208 Data Analysis

knitr::opts_chunk$set(fig.height=3)

## Do not delete this!
## It loads the s20x library for you. If you delete it 
## your document may not compile
library(s20x)
## From now on we also need the emmeans library:
library(emmeans)

Question 1

A researcher was interested in comparing e-mail habits of adults, depending on their marital status. They collected a random sample of data from the U.S. General Social Surveys.

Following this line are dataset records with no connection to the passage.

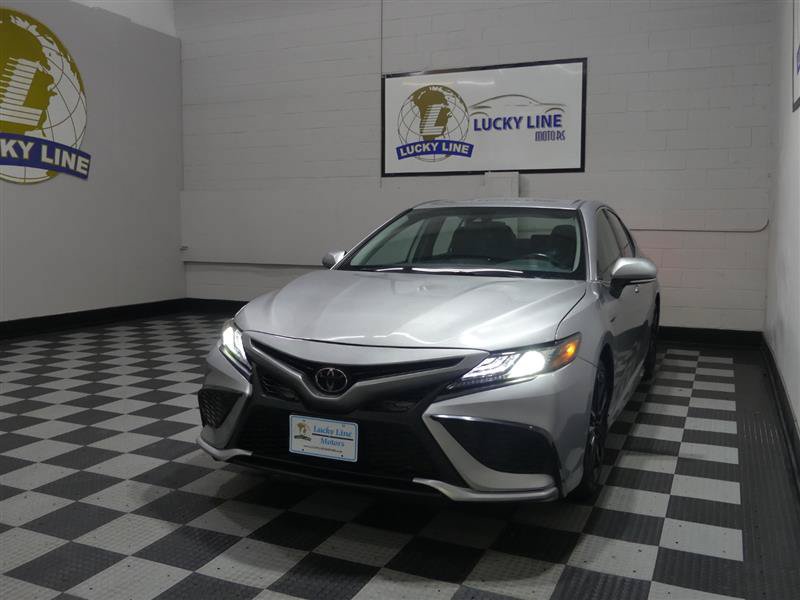 Used 2023 Toyota Camry XSE FWD image 4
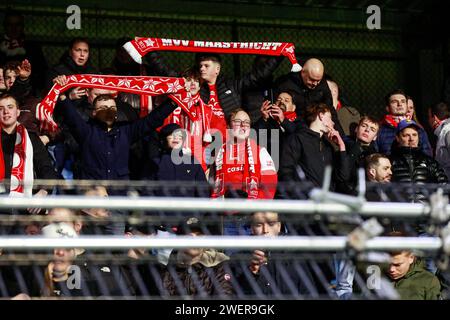 Eindhoven, Niederlande. Januar 2024. EINDHOVEN, NIEDERLANDE - 26. JANUAR: Fans von MVV Maastricht feiern den Sieg beim niederländischen Keuken Kampioen Divisie Spiel zwischen FC Eindhoven und MVV Maastricht am 26. Januar 2024 im Jan Louwers Stadion in Eindhoven. (Foto: Broer van den Boom/Orange Pictures) Credit: Orange Pics BV/Alamy Live News Stockfoto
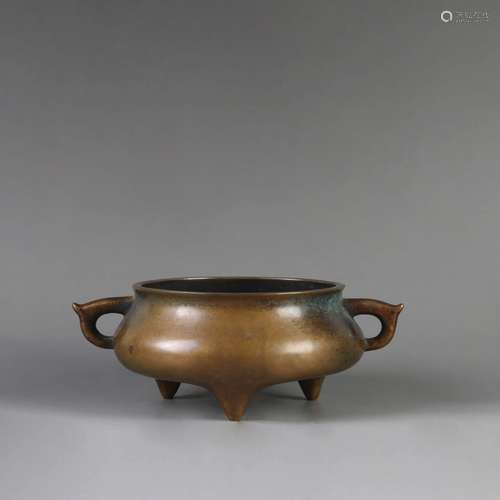 A DOUBLE EARS BRONZE THREE LEGGED INCENSE BURNER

The data is stored is email.csv and contains the following variables:

Variable | Description -----------|-------------------------------------------------------------------------- email | The number of e-mails a person sent in the last 24 hours (day) recorded at the time of the survey. marital | The persons current marital status (Married , Divorced or Never).

Instructions:

Comment on the plot,table and summary statistics of the data.
Fit an appropriate GLM to model the number of emails sent. Consider all possible pairwise comparisons of marital status. Generate confidence interval output for this model. See the note below.
Write appropriate Methods and Assumption Checks.
Write an appropriate Executive Summary.

Note: ANOVA tests for GLMs:

For regular GLM models, use the command: anova(fit, test = "Chisq") However, for quasi GLM models, use the command: anova(fit, test = "F")

Questions of Interest

It was of interest to compare e-mail habits of adults, depending on their marital status.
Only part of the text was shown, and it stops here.